EXERCISE INSTRUCTIONS:
Please set the lines down again exactly, from the top of the entries through the line that contains "Gallery image thumbnail".

-------- DATA TO EXAMINE --------

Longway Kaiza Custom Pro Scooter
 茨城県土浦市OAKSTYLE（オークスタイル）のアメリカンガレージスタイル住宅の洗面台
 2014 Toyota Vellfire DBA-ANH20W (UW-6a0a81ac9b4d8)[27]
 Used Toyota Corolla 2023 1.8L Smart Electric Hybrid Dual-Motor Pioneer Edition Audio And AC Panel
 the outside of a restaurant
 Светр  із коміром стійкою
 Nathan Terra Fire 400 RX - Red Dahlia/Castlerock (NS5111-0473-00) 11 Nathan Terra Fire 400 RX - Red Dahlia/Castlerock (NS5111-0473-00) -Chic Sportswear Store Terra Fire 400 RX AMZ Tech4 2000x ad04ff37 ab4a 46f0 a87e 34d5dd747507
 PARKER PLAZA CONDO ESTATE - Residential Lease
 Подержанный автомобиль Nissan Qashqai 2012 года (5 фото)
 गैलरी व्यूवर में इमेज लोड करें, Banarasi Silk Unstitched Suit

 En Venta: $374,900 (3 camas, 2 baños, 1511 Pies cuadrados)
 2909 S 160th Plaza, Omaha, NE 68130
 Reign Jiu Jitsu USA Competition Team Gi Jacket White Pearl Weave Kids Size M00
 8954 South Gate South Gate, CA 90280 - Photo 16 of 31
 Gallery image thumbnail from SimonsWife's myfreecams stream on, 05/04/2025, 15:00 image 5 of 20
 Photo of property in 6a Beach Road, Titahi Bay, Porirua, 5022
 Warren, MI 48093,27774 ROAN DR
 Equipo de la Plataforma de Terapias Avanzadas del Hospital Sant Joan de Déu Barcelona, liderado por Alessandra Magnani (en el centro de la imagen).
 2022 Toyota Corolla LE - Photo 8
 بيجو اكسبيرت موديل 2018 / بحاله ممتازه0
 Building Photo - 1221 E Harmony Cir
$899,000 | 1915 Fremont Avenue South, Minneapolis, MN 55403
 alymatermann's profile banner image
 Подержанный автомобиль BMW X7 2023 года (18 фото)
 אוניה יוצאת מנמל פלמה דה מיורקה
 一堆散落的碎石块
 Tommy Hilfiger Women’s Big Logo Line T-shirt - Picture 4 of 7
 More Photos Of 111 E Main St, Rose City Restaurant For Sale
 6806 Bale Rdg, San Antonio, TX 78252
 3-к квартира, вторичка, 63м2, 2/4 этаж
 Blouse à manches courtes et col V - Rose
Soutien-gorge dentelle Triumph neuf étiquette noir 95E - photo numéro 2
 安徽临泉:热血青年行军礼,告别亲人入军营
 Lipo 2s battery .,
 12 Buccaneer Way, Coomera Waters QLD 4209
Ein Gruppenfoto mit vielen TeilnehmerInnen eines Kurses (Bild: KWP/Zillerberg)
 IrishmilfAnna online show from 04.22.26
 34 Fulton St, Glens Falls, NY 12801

--------

RESULT OF THIS EXERCISE:
Longway Kaiza Custom Pro Scooter
 茨城県土浦市OAKSTYLE（オークスタイル）のアメリカンガレージスタイル住宅の洗面台
 2014 Toyota Vellfire DBA-ANH20W (UW-6a0a81ac9b4d8)[27]
 Used Toyota Corolla 2023 1.8L Smart Electric Hybrid Dual-Motor Pioneer Edition Audio And AC Panel
 the outside of a restaurant
 Светр  із коміром стійкою
 Nathan Terra Fire 400 RX - Red Dahlia/Castlerock (NS5111-0473-00) 11 Nathan Terra Fire 400 RX - Red Dahlia/Castlerock (NS5111-0473-00) -Chic Sportswear Store Terra Fire 400 RX AMZ Tech4 2000x ad04ff37 ab4a 46f0 a87e 34d5dd747507
 PARKER PLAZA CONDO ESTATE - Residential Lease
 Подержанный автомобиль Nissan Qashqai 2012 года (5 фото)
 गैलरी व्यूवर में इमेज लोड करें, Banarasi Silk Unstitched Suit

 En Venta: $374,900 (3 camas, 2 baños, 1511 Pies cuadrados)
 2909 S 160th Plaza, Omaha, NE 68130
 Reign Jiu Jitsu USA Competition Team Gi Jacket White Pearl Weave Kids Size M00
 8954 South Gate South Gate, CA 90280 - Photo 16 of 31
 Gallery image thumbnail from SimonsWife's myfreecams stream on, 05/04/2025, 15:00 image 5 of 20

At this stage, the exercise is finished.